What do cassette tapes and compact discs have in common with Super-OSJs?
They are once-essential innovations that now struggle for relevance. Tapes and CDs, for that roughly 20-year interregnum between vinyl records and digital audio formats, were, one after the other, the primary ways that audiophiles accessed music.
Similarly, for a time, Super-OSJs provided a crucial access point in the wealth management industry. Situated between registered representatives and their broker-dealers, OSJs provided more responsive service to the reps, along with supervision and compliance support, and as frontline recruiters for the firms. OSJs went home with their fees, and most everyone was happy.
It’s different now, with technology enabling broker-dealers to provide the support and services to their advisors directly, and most firms—again, leveraging technology—recruiting reps without need of an intermediary. It’s becoming harder for OSJs to justify their slice of revenues, which themselves are shrinking due to fee compression.
What’s a middleman to do?
The hybrid RIA model provides a way forward for OSJs seeking to redefine their value propositions, regain their relevance in a changing industry and position themselves for long-term growth and success.
OSJs’ Achilles Heel
The only way to maintain relevance with advisors is to provide them something of value. With the tide of advisors shifting towards advisory models, OSJs risk being left out in the cold if they don’t put themselves in a position to support advisors doing fee-based business.

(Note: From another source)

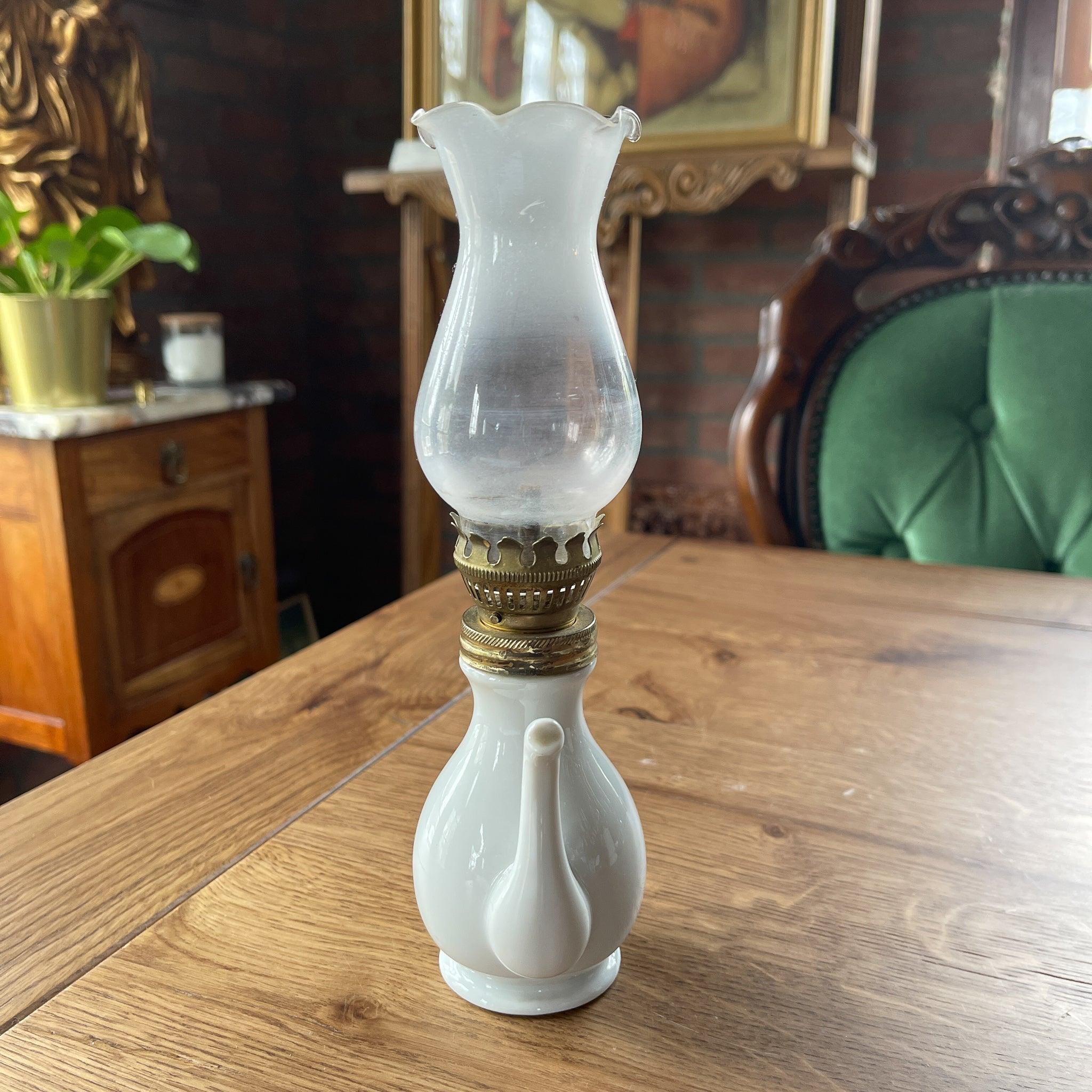 Antiek wit porseleinen olielamp theepotje - Bamestra Curiosa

Establishing an independent RIA while maintaining a Super-OSJ office and the existing relationship with broker-dealer, enables firms to meet advisors where they are in terms of establishing the right model for themselves, whether it’s as a dual registrant or purely as an individual advisory representative of the RIA.
But this is just the tip of the iceberg. Much of the true value of setting up an independent RIA lies in the fact that it can be structured as a business entity. The Achilles heel of the Super-OSJ model is in the independent contractor relationship that representatives have with the broker-dealer.
Broker-dealers are required to pay their 1099 contractors individually, not any business entity like an LLC, partnership or corporation. As such, most of the value of the revenue reps generate through client service accrues in reps’ books of business, not with the Super-OSJ office, which essentially provides a set of services that, while necessarily, are not irreplaceable.